If I have an X and a Y I could give you either one individually, or package them together as (X, Y) and give you that bundle all at once. This is the honest-to-goodness core notion of X \times Y.

Products are completely pervasive and often the simpler they are the better. For instance, we can interpret the OO maxim of “composition over inheritance” as a desire to design objects as products of discrete pieces as opposed to a more sophisticated mix.

Products also capture the intuition of mathematical products. For instance, we can construct equations like 1 \times 1 = 1. This is mathematically true, but does it make sense in the world of data? How about 1 \times 0 = 0? Think about these for now and we’ll explore the idea more fully below.

Products also capture the notion of logical and. Since unit is truth, we can see 1 \times 1 = 1 as saying “true and true is equal to true”. Likewise, 1 \times 0 = 0 is the same as “true and false is equal to false”.

Choice, disjunction, and dispatch

The second major connective is X + Y. It represents the idea of “choice” or “either”. We can read, in terms of data, the shape X + Y as saying “either I have an X or I have a Y“. In particular, if I give you a piece of data of the shape X + Y I’ll give you either an X or a Y.

It’s critical to note that X + Y and Y + X aren’t the same shape. The notion of disjunction here is “tagged”. This is to say that when we come to understand whether we’ve gotten an X or a Y we also know which “side” it came from. If we didn’t know what “side” the value was on, then me giving you a value of type 1 + 1 would be me either giving you a 1 or a 1… which to your eyes would be the same as if I just had a 1 all along.

But 1 + 1 \neq 1. So we have to remember the “side”.

To see why this is important we can use what we’ve learned so far to construct our first interesting, named shape: the type named “boolean”

\mathbf{Boolean} = 1 + 1

Normally we think of booleans as being either true or false. If we didn’t distinguish the sides then we wouldn’t end up with a distinction between true and false because, as stated above, all units look identical.

So, choice is not merely “either what was in my left hand or my right hand” but also me opening that hand as I give it to you.

Visitors are a where you sometimes find choice

Unlike all of the other shapes, the shape of X + Y can be really subtle. Usually, choice is “lifted” from built-in types which represent choices. For instance, you can use a product to glue a boolean into a shape.

Other “built-in” choice shapes are integers, floating point numbers, and strings. In each of these cases, there is a list of possibilities and the data of that shape are the instances of that list.

In languages that don’t explicitly let you write your own choices, we can sometimes fall back to the visitor pattern. This might not be totally obvious, but a visitor is exactly what you might use to handle the situation where you’ve got, for instance, either a circle or a line or an arc. They represent a sum by noting that in order to use a sum we have to decide what to do for every possibility.

This is actually a fact we can read right out of a high school textbook, but first we have to see how to use the language of high school algebra to describe data.

High school algebra

With these four shapes we can start to write interesting things. For instance, we saw equations like 1 \times 1 = 1, 1 \times 0 = 0, and 1 + 1 = 2.

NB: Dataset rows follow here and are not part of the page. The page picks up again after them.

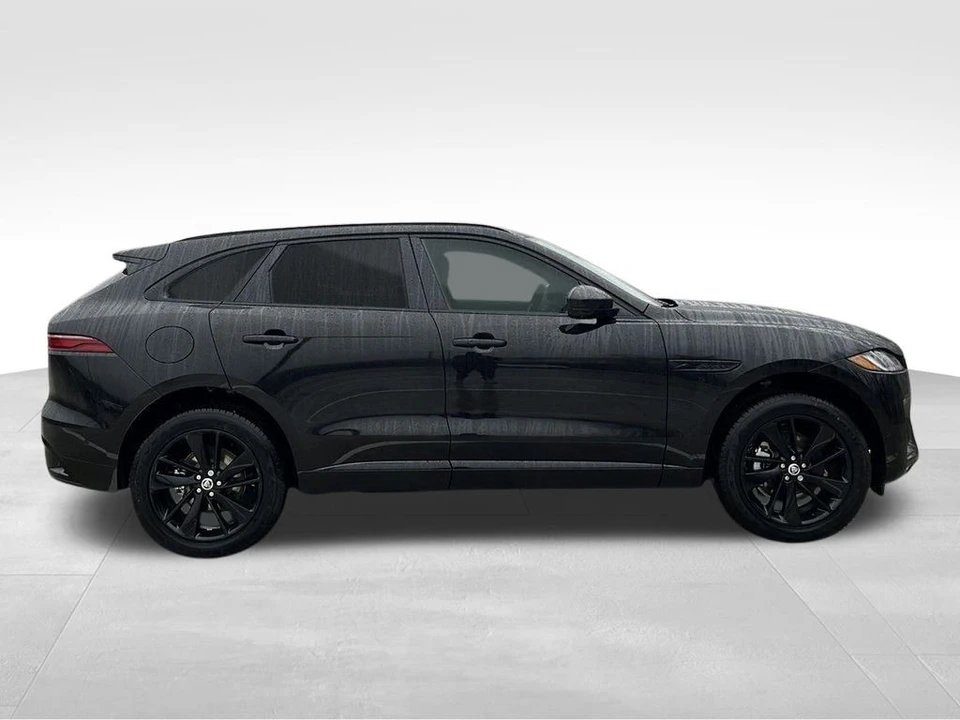 2025 Jaguar F-Pace - Image 8 of 12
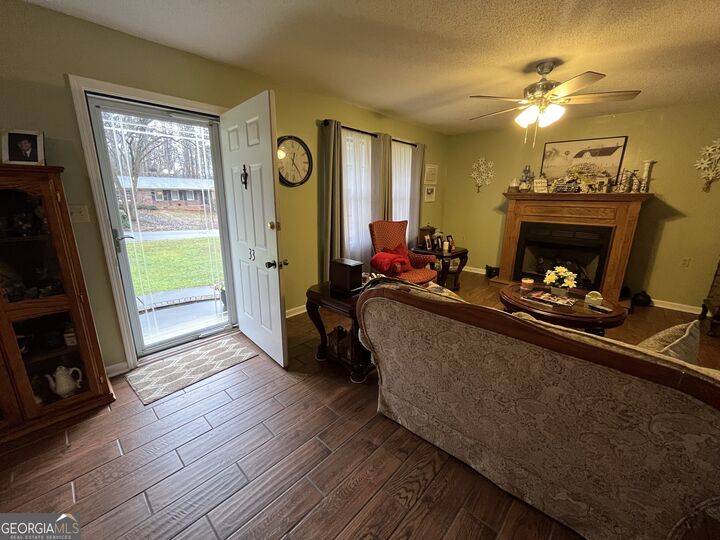 Property Photo: 33 E Kenora Drive SW GA 30165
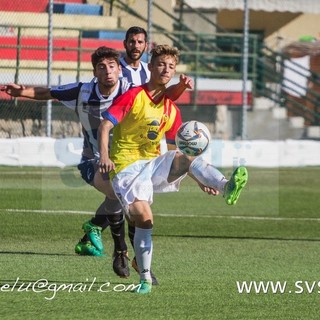 Alessandro Buonocore in azione lo scorso campionato con la maglia del Finale nel derby col Savona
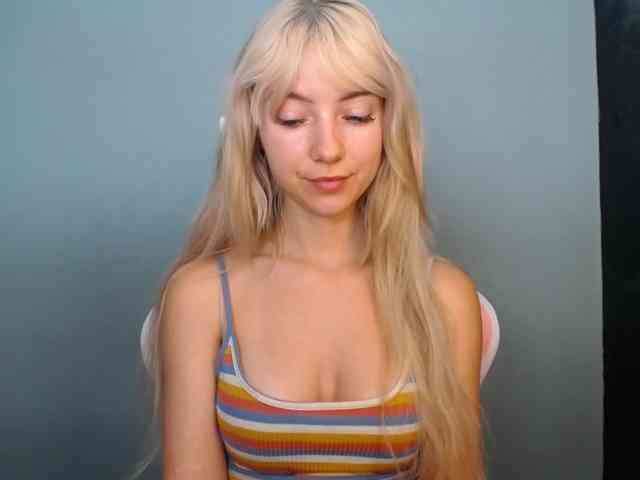LuciaGlow webcam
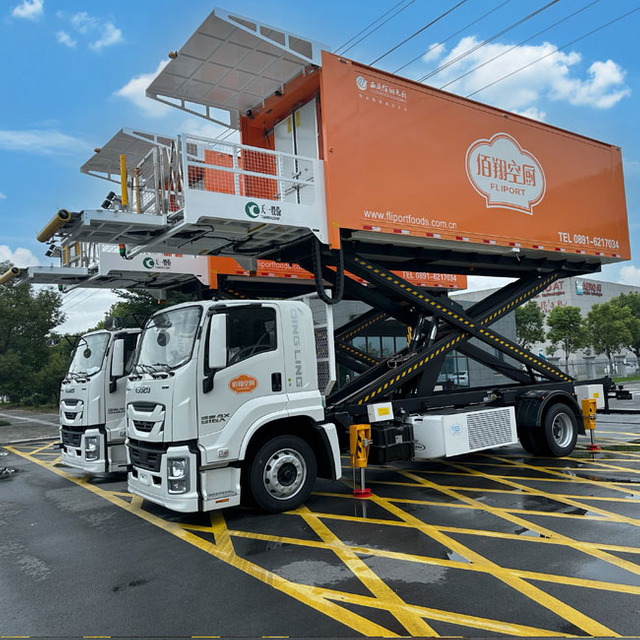 Hi-Lifty do cateringu lotniczego (600P ISUZU)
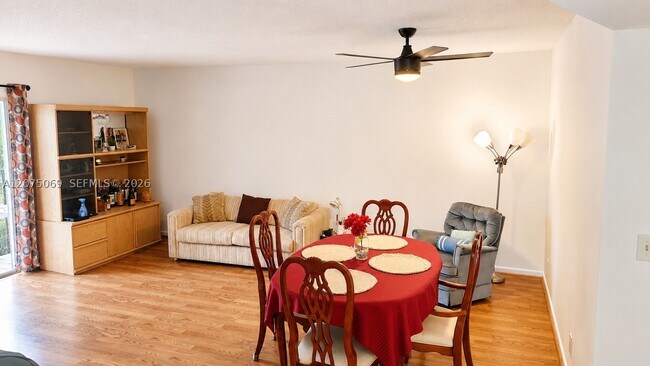 Photo - 4770 NW 21st St Unit 203
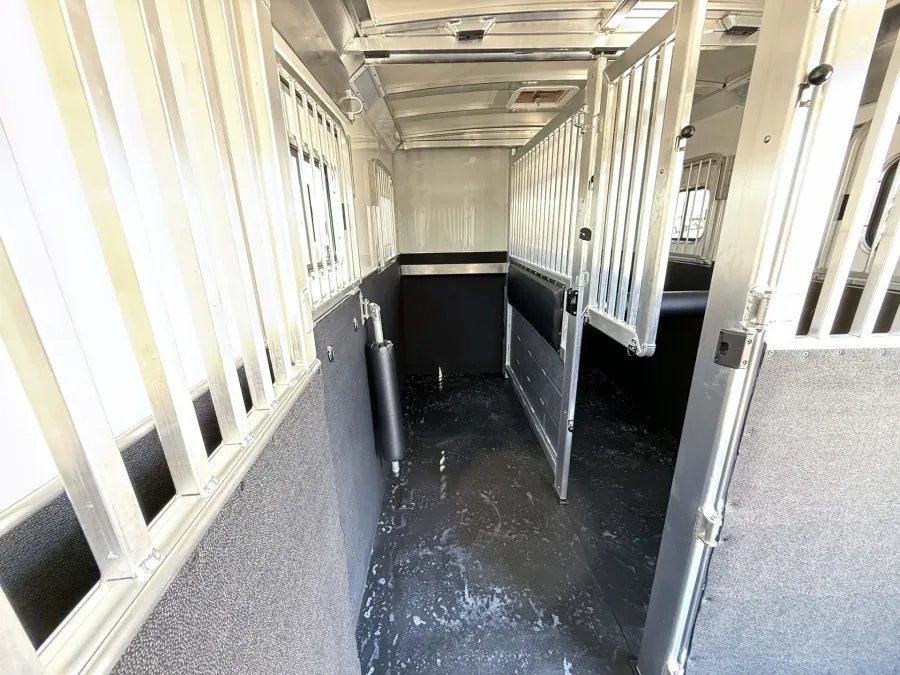 2026 Cimarron Norstar 4HGN Head to Head | Photo 16 of 22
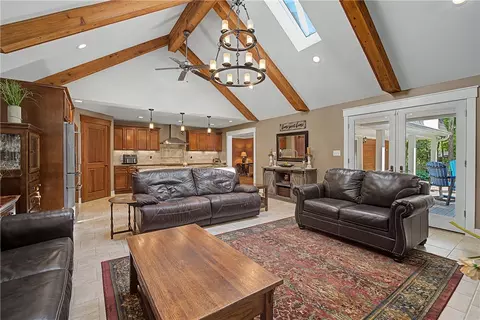 Living - 439 E Route 73 Dr, Springboro, OH 45066 photo 3 of 4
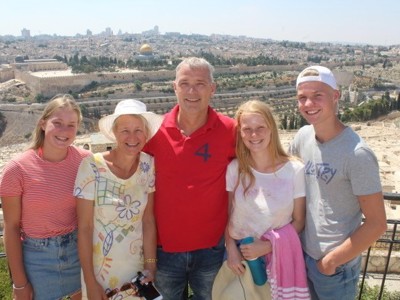 Reizigers bij uitzichtpunt met panorama over Jeruzalem en de Rotskoepel tijdens de route Jordanië en Israël.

Okay, well, those are actually very silly and obvious statements when we just read them as math. The interesting part comes from reading them as statements about the shapes of data.

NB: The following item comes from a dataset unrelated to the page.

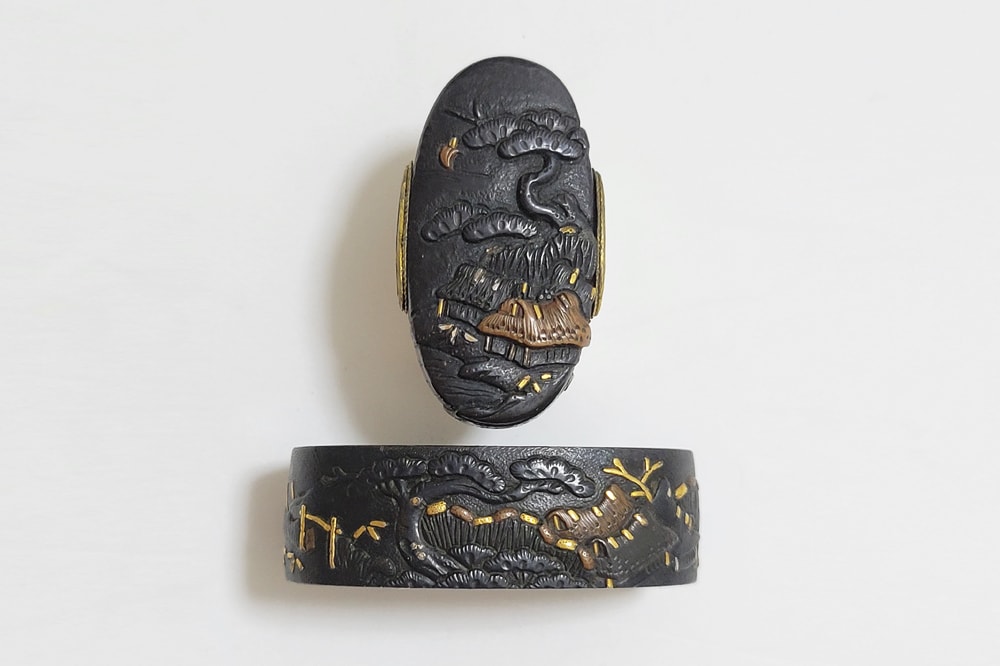 Fuchi-Kashira - Hozon - by Nara Munetoshi - Fuchi Kashira: Waterside Village Scene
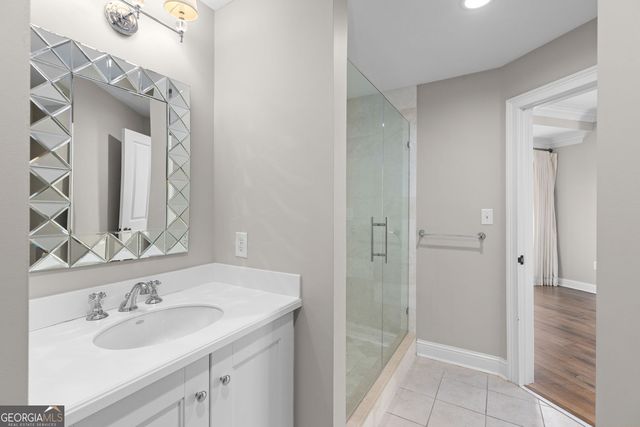 2881 Peachtree Road NE 2103, Atlanta, GA 30305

To make this correspondence, we have to figure out what “equality” means.

Two shapes of data are equal if they have the same “number of representatives”. To make this explicit, we can write |X| to be the number of representatives of a shape X. So, X = Y exactly when |X| = |Y|.

1 = 1 interpreted as data says “all units are equal”. 0 = 0 says that so are all voids. We note that 1 \neq 0 which says that unit is not the same as void. This is justified because while there’s one representative of the unit shape there are definitionally none for void.

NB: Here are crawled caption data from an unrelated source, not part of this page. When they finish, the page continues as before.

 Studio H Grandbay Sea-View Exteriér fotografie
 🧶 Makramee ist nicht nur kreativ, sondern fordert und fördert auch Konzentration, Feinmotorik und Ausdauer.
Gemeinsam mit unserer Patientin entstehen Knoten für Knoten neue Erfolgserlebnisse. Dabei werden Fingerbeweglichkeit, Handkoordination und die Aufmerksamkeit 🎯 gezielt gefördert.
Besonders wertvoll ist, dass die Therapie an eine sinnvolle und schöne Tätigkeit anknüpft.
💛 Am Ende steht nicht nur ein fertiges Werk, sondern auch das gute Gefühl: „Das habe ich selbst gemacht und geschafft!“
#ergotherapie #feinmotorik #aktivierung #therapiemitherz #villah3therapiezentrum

We can read 1 \times 1 = 1 as noting that that there’s only one sort of pairing of two unit values. Similarly, 1 \times 1 \times 1 ... = 1 tells us that this property holds for any size of bundle.

On the other hand, 1 \times 0 = 0 is saying that if I want to pair together a unit and a void, well, I’m in trouble. There are no representatives of void whatsoever, so there is no way to build such a pairing.

Shapes with any number of representatives

Things get interesting when we include summation. 1 + 1 is the choice between two distinguished unit values and thus it has 2 representatives. We can even call that type 2 by conflating the number and the name of the type. It all works out because there’s such a tight correspondence between the two.

Or, to be totally explicit, we’ve been and can continue to use numbers both as actual numbers and as the name of a shape with that many inhabitants. So the shape 0 is the shape with zero inhabitants, the shape 1 has one. Boolean has two inhabitants and therefore is the shape 2. The shape 342 is some weird type with 342 representatives.

Now we get equations like 2 \times 2 = 4 which states that the pairing of two values of shape 2 is a shape with 4 inhabitants. Explicitly, we can see those data as

(true, true)
(true, false)
(false, true)
(false, false)

The final shape: exponentiation

The last shape I’ve not yet talked about is the shape of exponentiation. This is the strangest of the basic shapes. It represents functions, pure functions.

Specifically, the data of the shape X^Y are the ways of transforming Ys into Xes. (Note that this is reverse of what is easiest to read, X^Y is a function from Y to X not the other way around.) It creates the richest set of relationships between shapes we’ve seen so far and lets us use high school math to talk about all sorts of interesting things.

For instance, I said before that there are always functions from any shape X to 1, which we can write as the equation 1^X = 1. We can see that there are as many functions from 1 to a shape X as there are inhabitants of X by the equation X^1 = X.

We noted that the only way for there to be a function from some shape X to 0 is if there are no inhabitants of X to begin with. That’s just high school algebra as well: 0^X = 0 when X \neq 0 but 0^0 = 1 (at least sometimes).

We can show that X^0 = 1 which notes that there are trivial ways to turn void into anything else we want. We know we can hold that promise because we know that nobody can ever call our bluff.

Finally, let’s use high school algebra over exponentials to show that the visitor pattern is the same as a sum type. A visitor which visits three shapes, A, B, and C is a product of ways to use each of those three to produce some output shape R.

Visitor(A, B, C) = R^A \times R^B \times R^C = R^{A + B + C}

A visitor is just a function from a sum to some result.

The types of data

The shapes of data are 0, 1, X \times Y, X + Y, and X^Y. From these shapes we can build a rich universe of data shapes and even prove many useful relationships using just regular intuition for algebra.

In this essay I’ve consistently discussed the “shapes of data” as these shapes appear in all languages and contexts. They’re built from incredibly basic notions of existence, non-existence, togetherness, choice, and transformation.

That said, these shapes are also types. They’re usually called the algebraic data types after their strong relationship to standard algebra.

Not all type systems represent the algebraic data types directly. This is exactly what I was referring to when I mentioned the Visitor pattern. This is popular in OO languages where the type system prevents you from working with your own sum types. In languages with pattern matching, used-defined sum types are usually provided explicitly or are available through sealed hierarchies of types.

Richer shapes can also be constructed and are often available directly in languages. This is because the algebraic shapes can be too rudimentary or can imply bad memory performance. That said, the fundamentals expressed by the algebraic types are always there.

In that way, the algebraic shapes of data are the best Rosetta Stone for coming to grips with the shapes of data you see anywhere.